▶ [EXERCISE INSTRUCTIONS]
Reproduce the following data exactly, minus any images.

▶ [INFORMATION SHOWN]
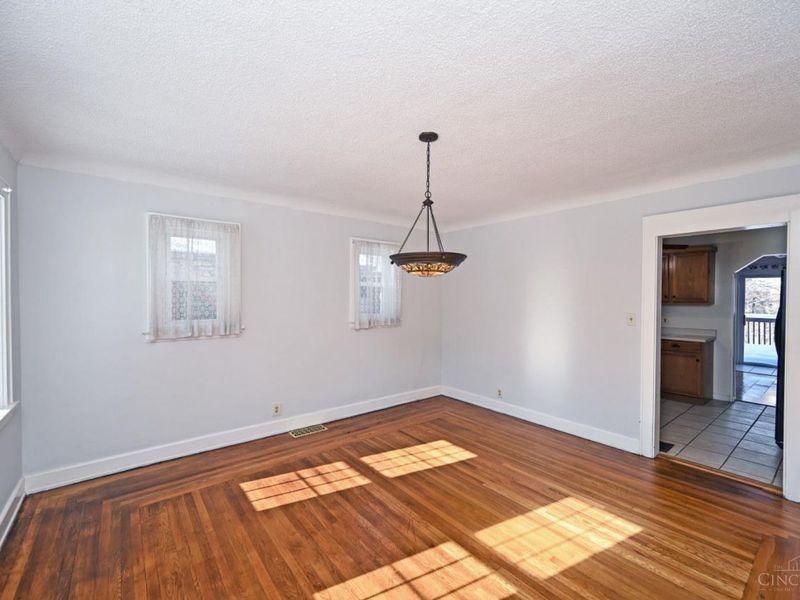 1266 Avon Drive, Cincinnati, OH 45229 Photo 20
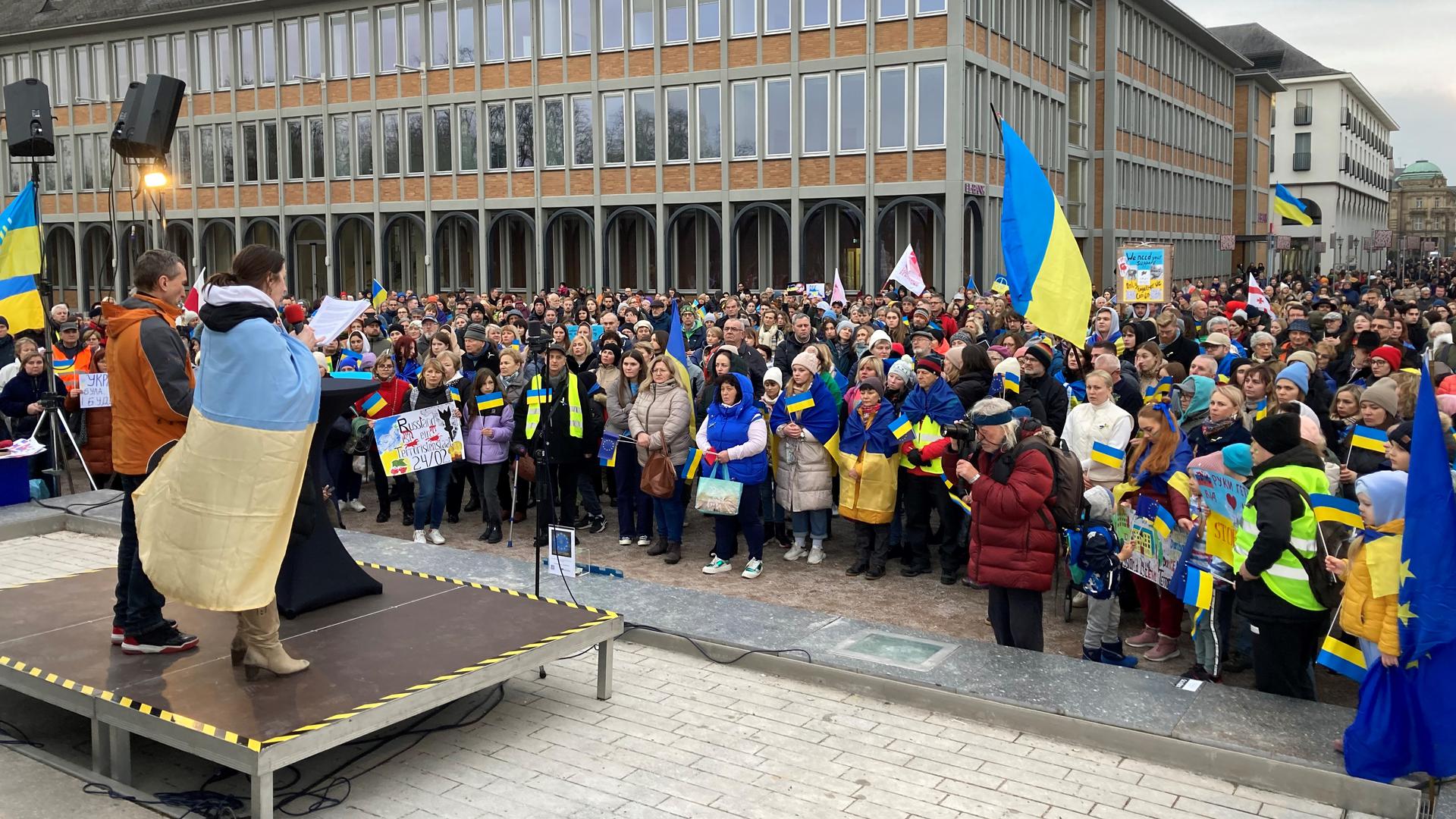 Menschen bei der Ukraine-Demo auf dem Karlsruher Schlossvorplatz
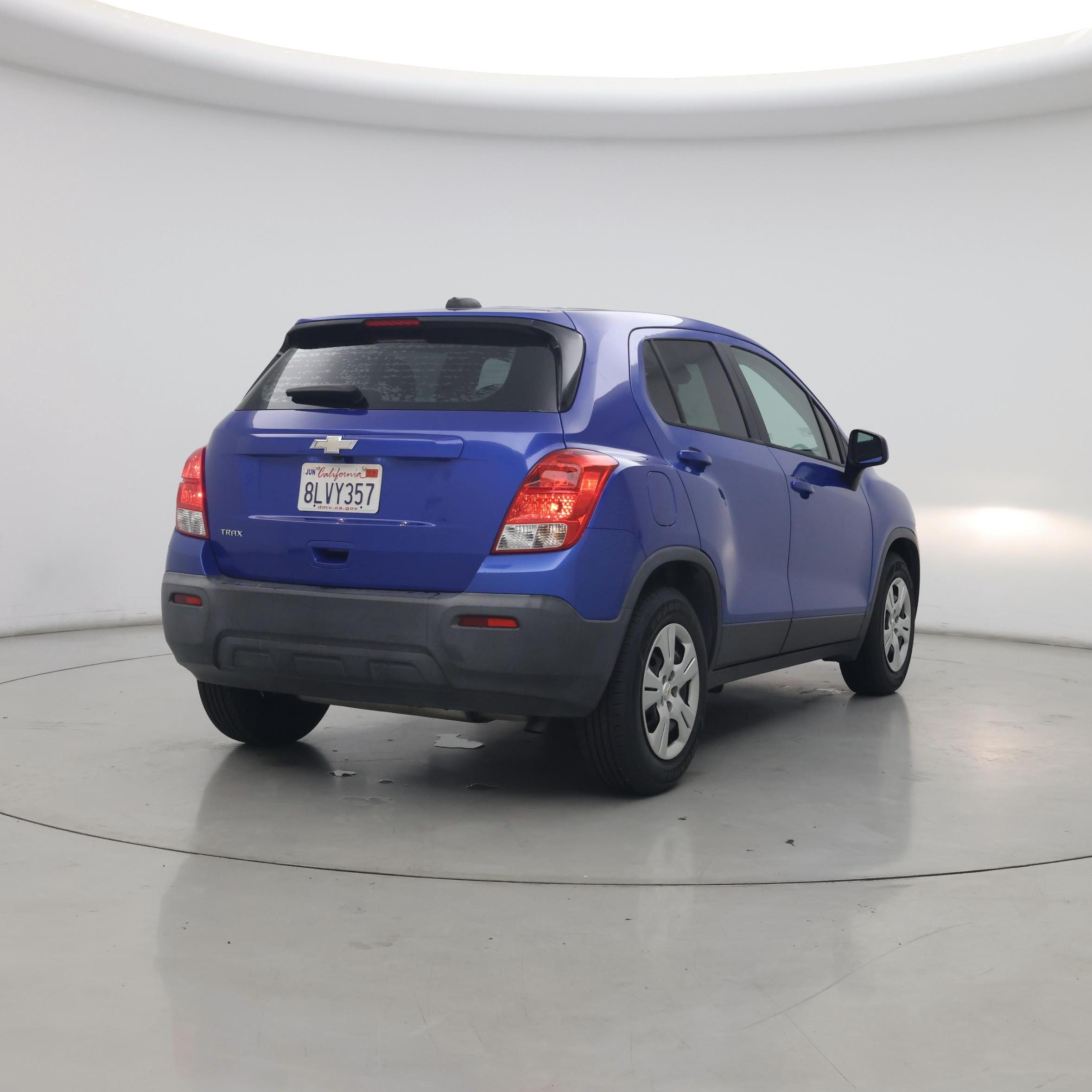 Thumbnail: 2015 Chevrolet Trax - 8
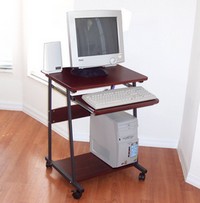 24 Inch Wide Computer Desks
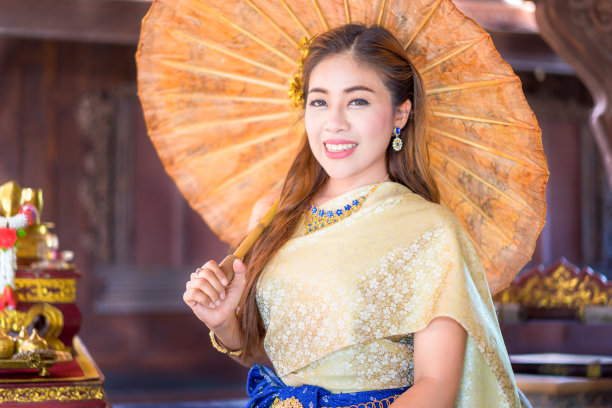 穿着泰国服装的女士，亚洲图片下载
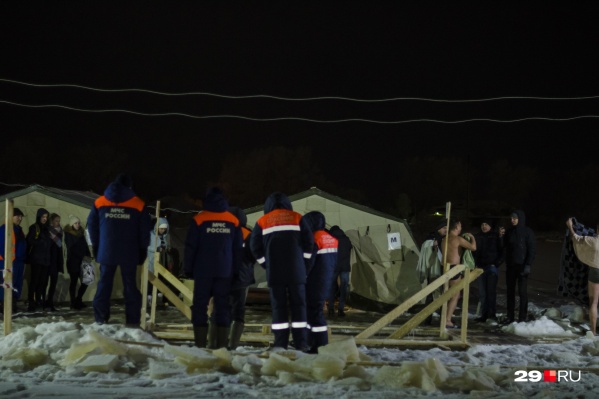 В прошлом году в Маймаксе оборудовали купель В прошлом году в Маймаксе оборудовали купель
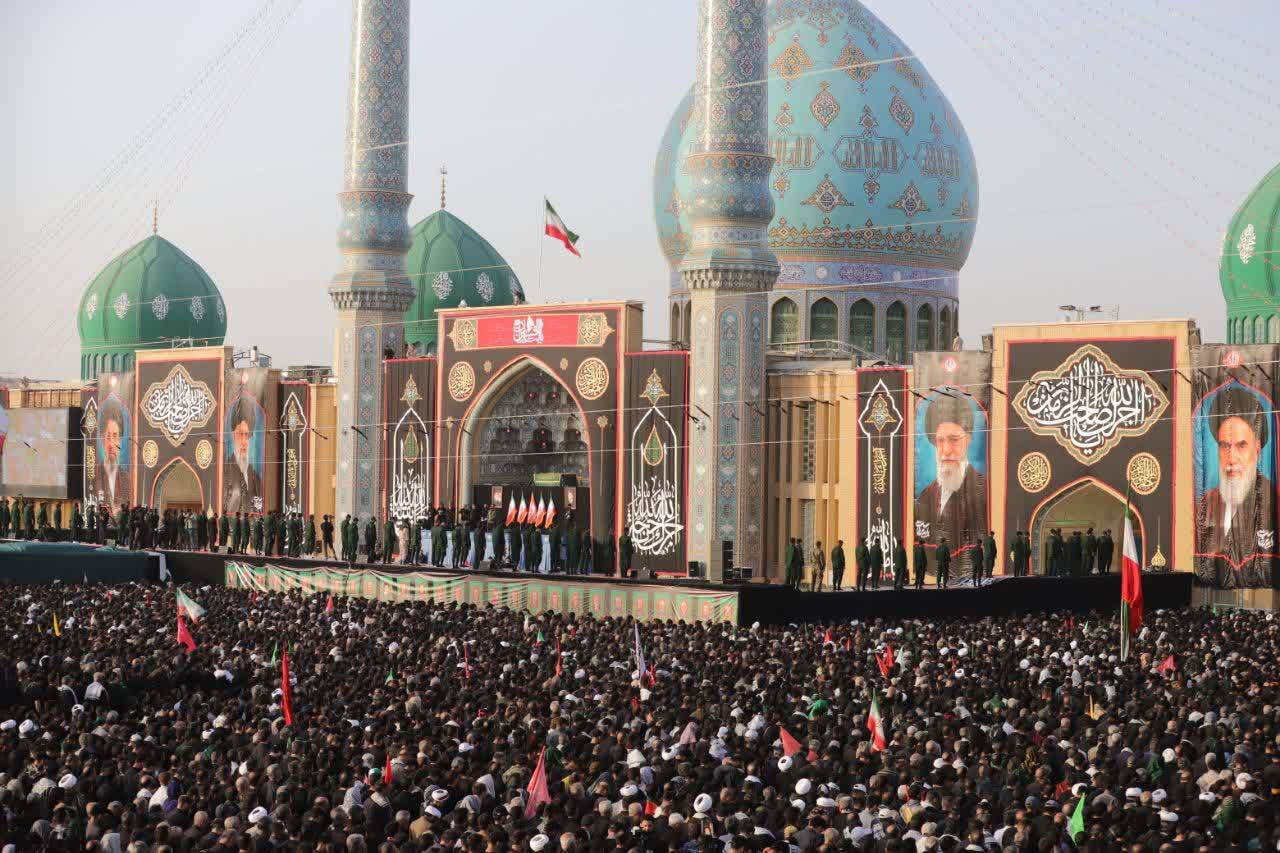 قیامت مردم در آخرین حضور رهبری در قم/ از جمکران تا حرم؛ جمعیتی که بی‌پایان است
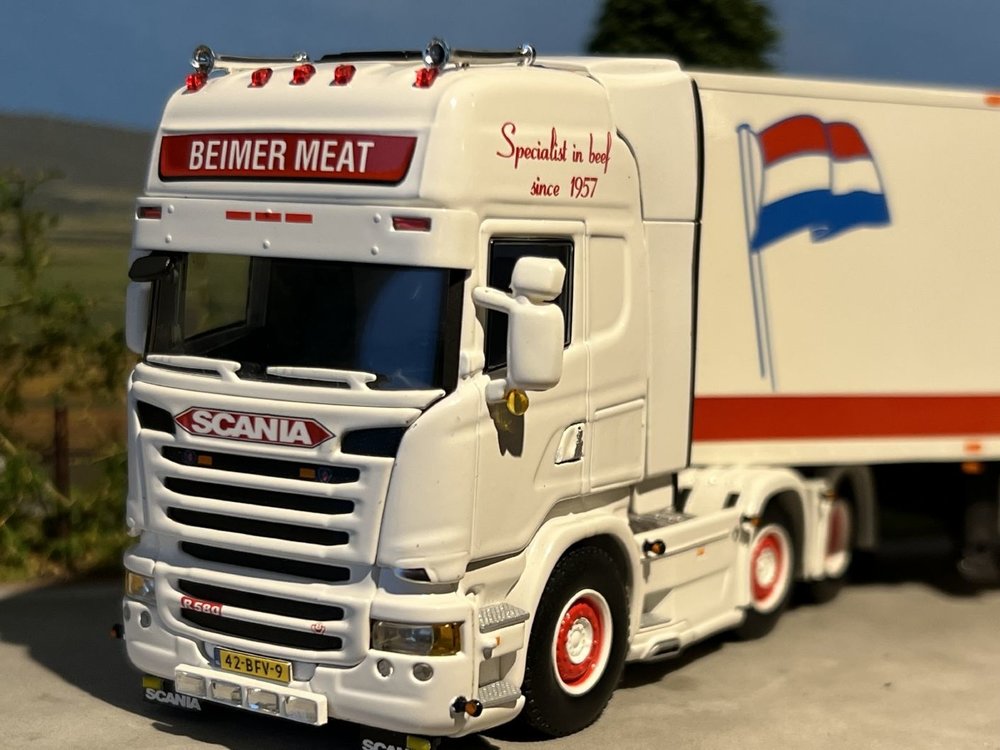 WSI WSI Scania R Topline 6x2 met 3-as koeloplegger Beimer meat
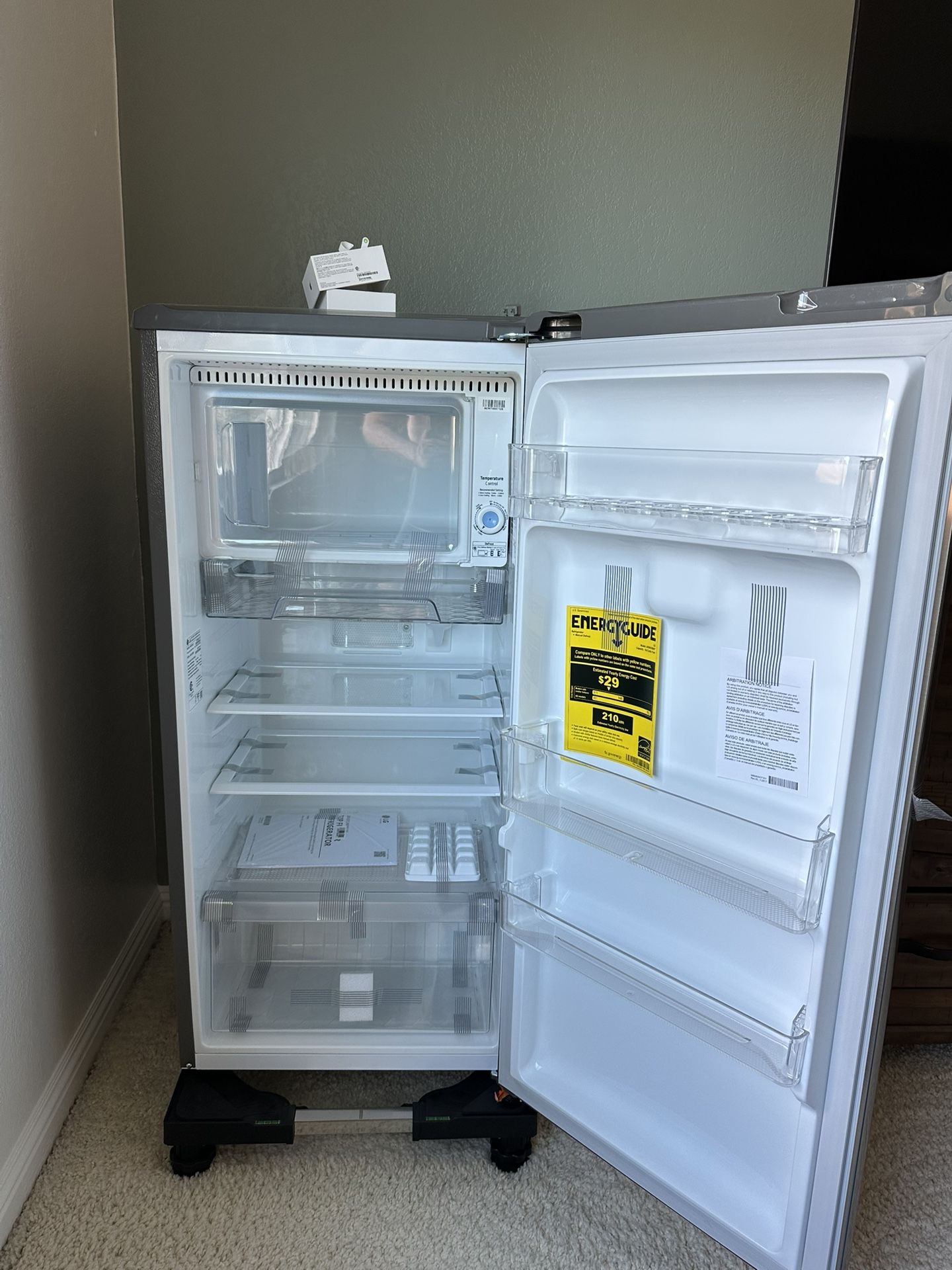 LG 6 CuFt Single Door Refrigerator Compact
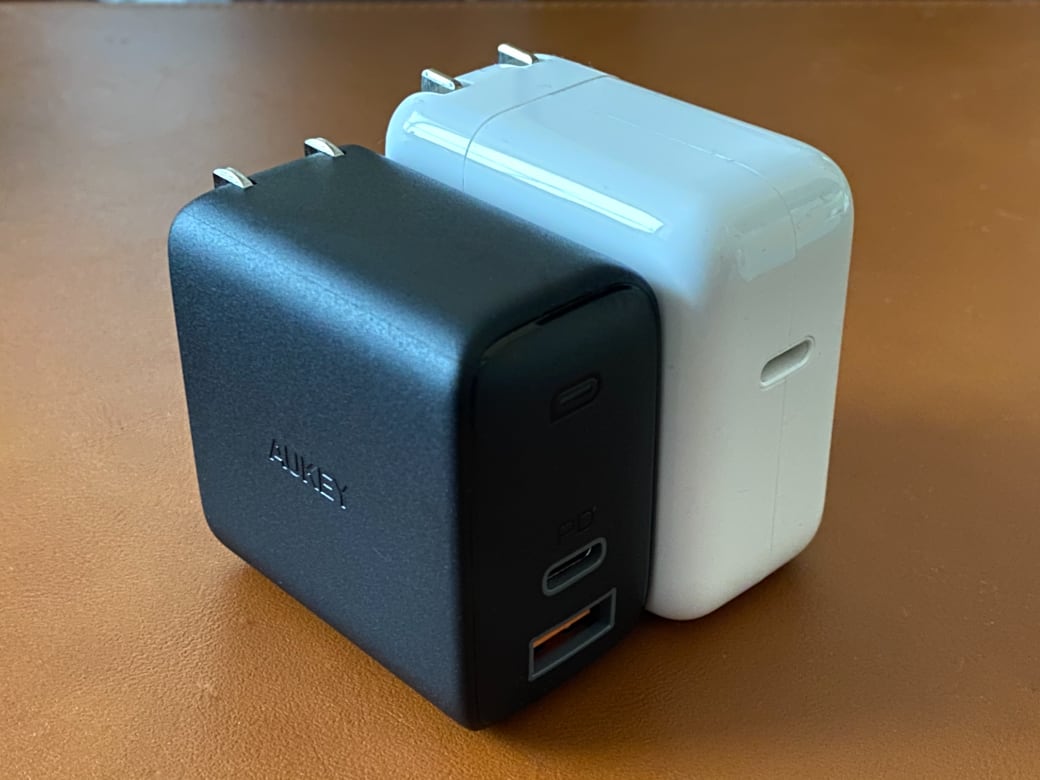 aukey-pa-b3-b4-03.jpg 純正アダプタとの比較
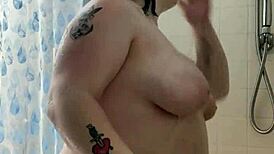 showering with the chubby goth girl. 😊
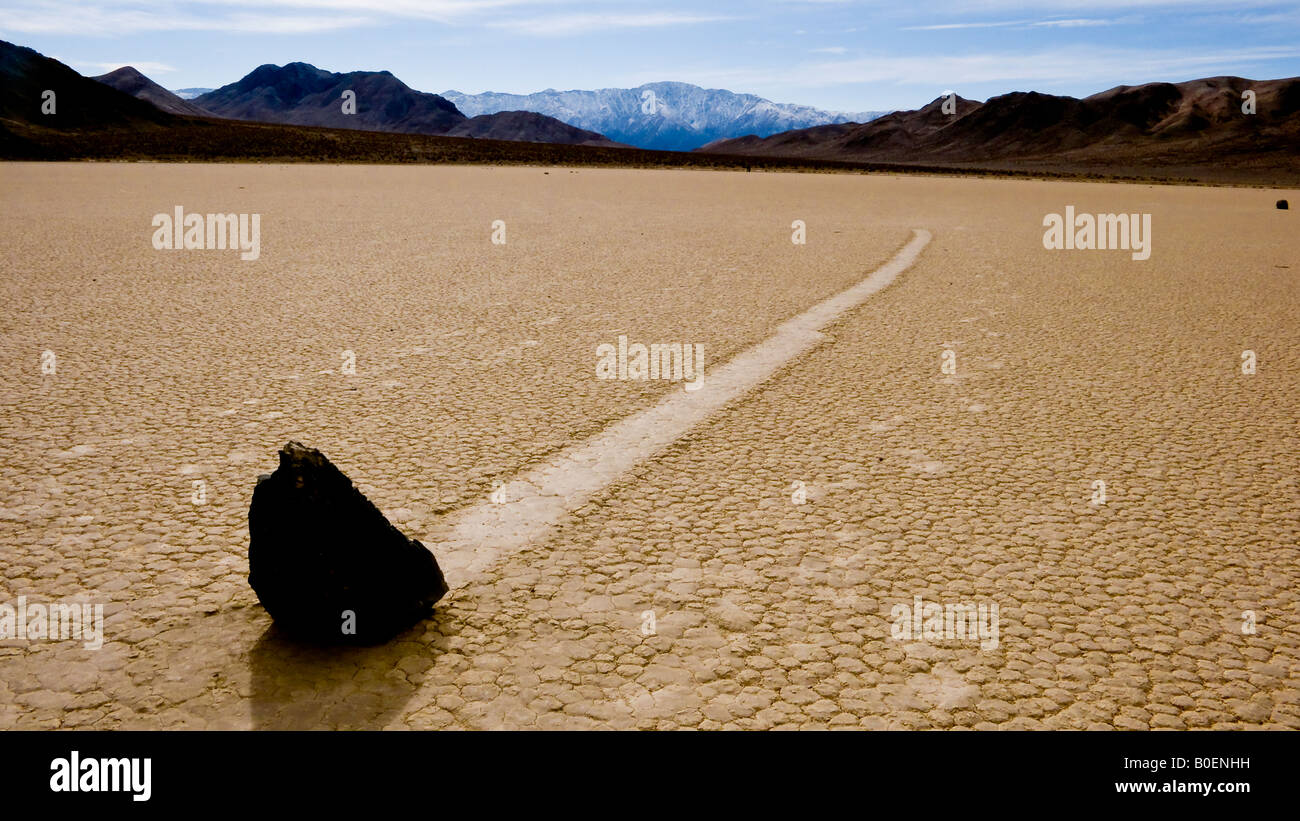 Roccia di rotolamento Autodromo Parco Nazionale della Valle della Morte in California Nevada USA Foto Stock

▶ [ANSWER SECTION]
 1266 Avon Drive, Cincinnati, OH 45229 Photo 20
 Menschen bei der Ukraine-Demo auf dem Karlsruher Schlossvorplatz
 Thumbnail: 2015 Chevrolet Trax - 8
 24 Inch Wide Computer Desks
 穿着泰国服装的女士，亚洲图片下载
 В прошлом году в Маймаксе оборудовали купель В прошлом году в Маймаксе оборудовали купель
 قیامت مردم در آخرین حضور رهبری در قم/ از جمکران تا حرم؛ جمعیتی که بی‌پایان است
 WSI WSI Scania R Topline 6x2 met 3-as koeloplegger Beimer meat
 LG 6 CuFt Single Door Refrigerator Compact
 aukey-pa-b3-b4-03.jpg 純正アダプタとの比較
 showering with the chubby goth girl. 😊
 Roccia di rotolamento Autodromo Parco Nazionale della Valle della Morte in California Nevada USA Foto Stock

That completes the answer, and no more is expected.